# Predicting Youtube Video Views

### Question: Can we predict how many views a Youtube video will get based on the number of likes, dislikes, the category of the video, and the year it was published.

In [1]:
import pandas as pd
from sklearn.tree import DecisionTreeRegressor
from sklearn.model_selection import train_test_split, cross_val_score
from sklearn.metrics import mean_absolute_error

# Load the dataset
df = pd.read_csv('top-1000-trending-youtube-videos.csv')

# Data Cleaning: Remove commas and convert columns to numeric
for col in ['Video views', 'Likes', 'Dislikes']:
    df[col] = df[col].str.replace(',', '', regex=False)
    df[col] = pd.to_numeric(df[col], errors='coerce')
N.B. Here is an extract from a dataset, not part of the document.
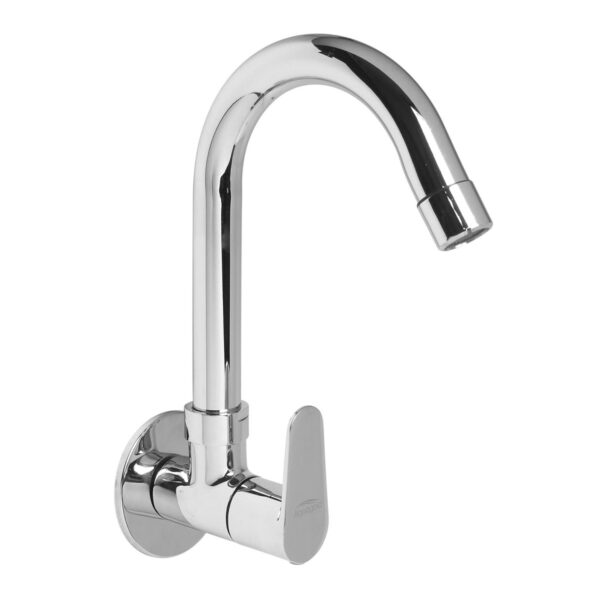 Sink Tap Foam Flow with wall flange and 22mm Heavy Pipe Spout - Amara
# Drop rows with missing values in relevant columns
df_clean = df.dropna(subset=['Video views', 'Likes', 'Dislikes', 'Category'])

# One-hot encode the categorical 'Category' column
df_encoded = pd.get_dummies(df_clean, columns=['Category'], drop_first=True)
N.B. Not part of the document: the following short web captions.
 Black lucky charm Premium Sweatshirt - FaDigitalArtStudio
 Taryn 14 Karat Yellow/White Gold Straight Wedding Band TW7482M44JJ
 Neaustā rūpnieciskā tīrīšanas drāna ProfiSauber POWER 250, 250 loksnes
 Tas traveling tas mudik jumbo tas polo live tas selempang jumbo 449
# Define features and target
X = df_encoded.drop(columns=['rank', 'Video', 'Video views'])
Y = df_encoded['Video views']

# Split data into training and testing sets
X_train, X_test, Y_train, Y_test = train_test_split(X, Y, test_size=0.2, random_state=42)

# Train a Decision Tree Regressor
regressor = DecisionTreeRegressor(random_state=42)
regressor.fit(X_train, Y_train)

# Cross-validation (5-fold)
cv_scores = cross_val_score(regressor, X_train, Y_train, scoring='neg_mean_absolute_error', cv=5)
mean_cv_mae = -cv_scores.mean()

# Predict and compute test mean absolute error (MAE)
Y_pred = regressor.predict(X_test)
test_mae = mean_absolute_error(Y_test, Y_pred)

print("Mean Cross-validated MAE:", mean_cv_mae)
print("Test Set MAE:", test_mae)

Mean Cross-validated MAE: 7020152.133161512
Test Set MAE: 5132720.553719008


To find out whether I could predict how many views a YouTube video will get, I used a Decision Tree Regressor on a dataset of the top 1000 trending YouTube videos. The dataset included information such as the number of views, likes, dislikes, video category, and the year each video was published. My goal was to use this information to build a regression model that could predict video views based on these features.

I started by importing the necessary Python libraries for data processing and machine learning. After loading the dataset, I noticed that the numeric columns like Video views, Likes, and Dislikes were stored as strings with commas, so I cleaned them by removing the commas and converting the values to numeric types. I also removed any rows with missing values in these important columns to make sure the model would be trained on complete data.

Next, I processed the Category column, which is a categorical feature, by using one-hot encoding. This allowed me to convert each category into a separate binary column so the model could understand and work with the category data. My feature set included likes, dislikes, the published year, and the one-hot encoded category columns. The target variable I wanted to predict was the number of video views.

I then split the data into training and test sets, using 80% of the data for training and 20% for testing. I trained a Decision Tree Regressor on the training data. This model works by splitting the data based on feature values to create a tree of decisions that can be used for prediction. To check how well the model would generalize, I used 5-fold cross-validation on the training set. This helped me assess the model’s stability and performance across different subsets of the data.

After training, I evaluated the model’s accuracy using Mean Absolute Error (MAE). On average, the model’s predictions were off by about 7 million views during cross-validation and about 5.1 million views on the test set. These results suggest that while the model could recognize some useful patterns, view counts are influenced by many other unpredictable factors — like thumbnail design, video title, celebrity appearances, and viral trends — that aren’t captured in the dataset.

Overall, this code helped me build a working regression model and gave me a practical understanding of how well video metadata can (and can’t) predict YouTube view counts. While the accuracy wasn’t perfect, the project showed how machine learning can be used to explore and model real-world data in a meaningful way.